Bitquery earlier introduced our new offering “Blockchain Data on the Cloud” where you can have any blockchain data uploaded to AWS.
In the previous article we saw how to extract blockchain data from AWS S3 buckets where the data was in protobuf schema.
This article will focus on extracting blockchain data from AWS S3 buckets in parquet format.
Step-by-step tutorial :
- Install and Import the necessary libraries.
import boto3
import pyarrow as pa
import pyarrow.parquet as pq
import pandas as pd
import parquet
The boto3
library allows us to interact with Amazon S3, the pyarrow
library allows us to read and write Parquet files, the pandas
library allows us to manipulate DataFrames, and the parquet
library provides additional functions for working with Parquet files.
- Set up your AWS credentials.
For this step, you need to get your AWS Access Keys.
- Go to your AWS Console AWS Management Console
- Navigate to your profile → Security credentials → Generate Access Key
s3 = boto3.client('s3', aws_access_key_id='your id', aws_secret_access_key='your key', region_name='us-east-1')
Replace your id
and your key
with your actual AWS access key ID and secret access key. You can find these values in the AWS Management Console.
- Specify the S3 bucket and file name.
bucket_name = 'parquet-bsc'
bsc_key='dex_trades_tx/2020-09-12_410000_88573E9FA803AF8D_10000.parquet'
The above mentioned bucket details are from the sample.
Replace parquet-bsc
with the name of your S3 bucket and dex_trades_tx/2020-09-12_410000_88573E9FA803AF8D_10000.parquet
with the name of the Parquet file you want to download.

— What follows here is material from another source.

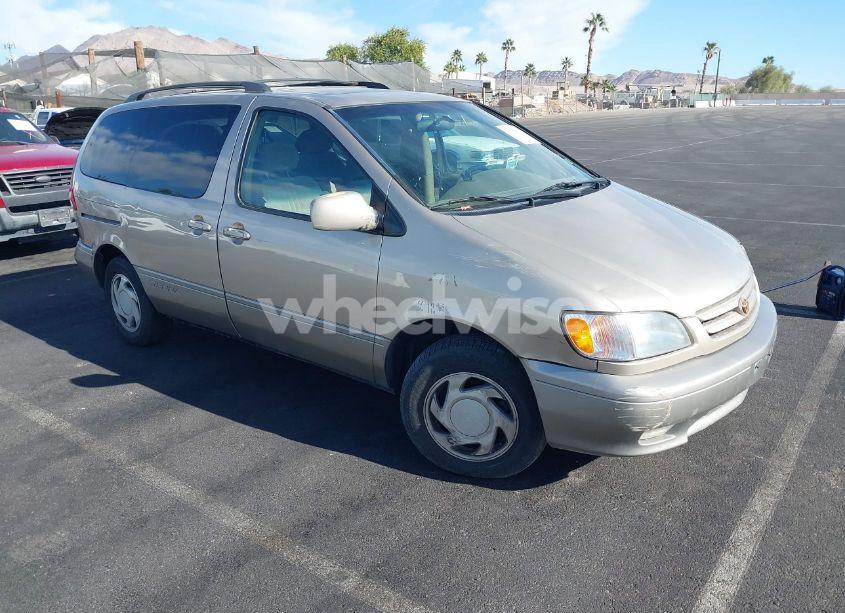 2001 Toyota Sienna XLE (VIN 4T3ZF13CX1U360004) main photo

- Download the Parquet file to a local path.
bsc_local_path = 'C:/Your Path/sample.parquet'
file_obj = s3.download_file(bucket_name, bsc_key, bsc_local_path)
The download_file()
method will download the Parquet file from the S3 bucket to the local path you specified.
- Read the Parquet file into a Pandas DataFrame.
df = pd.read_parquet(bsc_local_path)
The read_parquet()
method will read the Parquet file into a Pandas DataFrame.
- Write the DataFrame to a CSV file.
df.to_csv('parquet_output.csv', index=False)
The to_csv()
method will write the Pandas DataFrame to a CSV file. The index=False
argument tells the method not to write the DataFrame index to the CSV file.